When I agreed to speak to the Gay Buddhist Fellowship in February, I hoped for a topic which offered listeners support for their Buddhist practice. I told my teacher, Geshe Yeshe Phegey, that I’d decided to pose the question, “Do monks have sex with each other?” He laughed and asked why anyone would be interested in a monk’s sex life. But I knew the idea of men cut off from general society while at the same time engaged in Buddhist practice was a picture not just of monks, but
of the GBF membership. What, then, could be more relevant?

In January I traveled to Gaden-Shartse, my monastery in southern India, to ask my question. The vow of celibacy I had taken three years before when I was ordained allows for no sexual act (wet dreams are the exception-they occur in sleep and are unwilled). Masturbation clearly breaks that vow-and monks, I learned, did it. “But no one speaks about this,” one monk explained. “The young monks get up and wash their sheets and say nothing.”

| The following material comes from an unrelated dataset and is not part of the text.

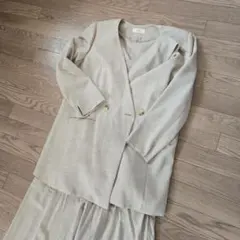 スーツ　３点Set　LL　美品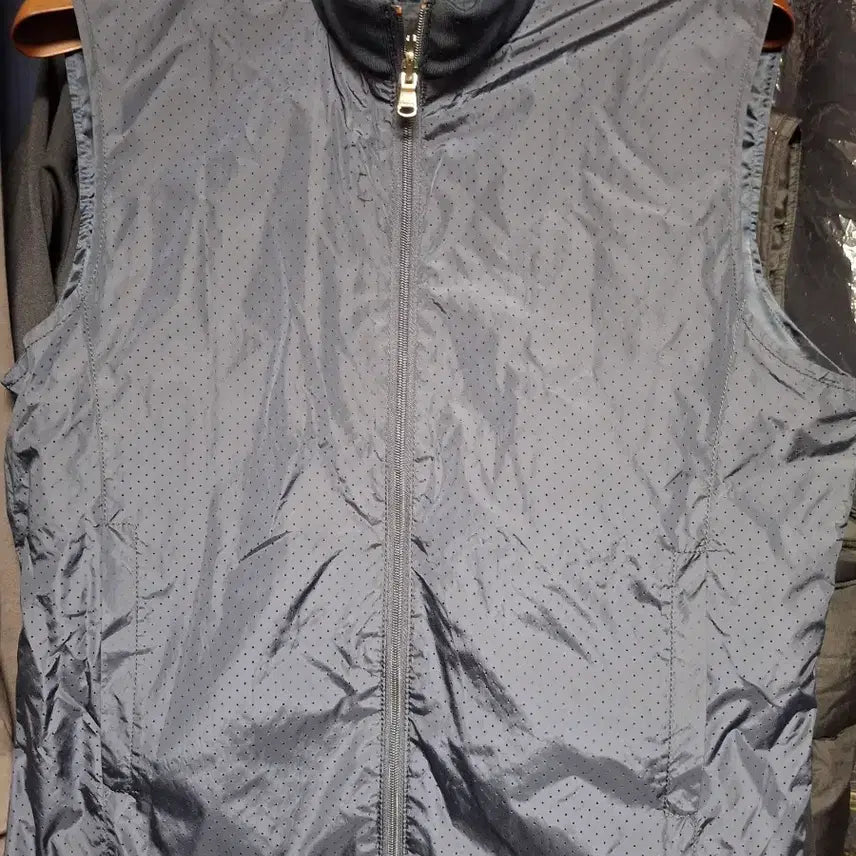 [BUNJANG] Indian Mode Mesh Vest Size 100 Navy / 인디안 모드 메쉬 조끼 100사이즈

Awake and busy every day from six in the morning until after midnight, monks would naturally be deprived of needed rest by sexual arousal. They masturbate, I was told, while trying to go to sleep. For Buddhists, the “why” of an act, its motivation, is as critical as the act itself.

But because I now knew that (some) monks did (sometimes) masturbate, I wondered if they were also having sex with each other. Had I not seen plenty of young monks walking along the monastery’s crisscross of dirt roads, holding hands, bending close and sharing private thoughts?

Consider this, however: in Tibet, India, and Nepal, adolescents are encouraged to form strong and intimate relationships with each other. The young monks I saw were doing what so many others do, and if some were having sex together, I would argue the intimate nature of their friendships actually reduced the likelihood of sexual follow-through.

In the end, whatever the work of sex and intimacy in monk’s lives, as Buddhist practitioners we must ask this: what act/mindset best supports the work of compassion? How do we each manifest the Bodhisattva prayer? This, after all, is what the monastic vows are meant to encourage, and what my own talk was meant to help illuminate:

May all sentient beings be parted from aversion and clinging, not feeling close to some and distant from others.

May they win the bliss that is specially sublime.

May they find release from the ocean of unbearable sorrow, and may they never be parted from freedom’s true joy.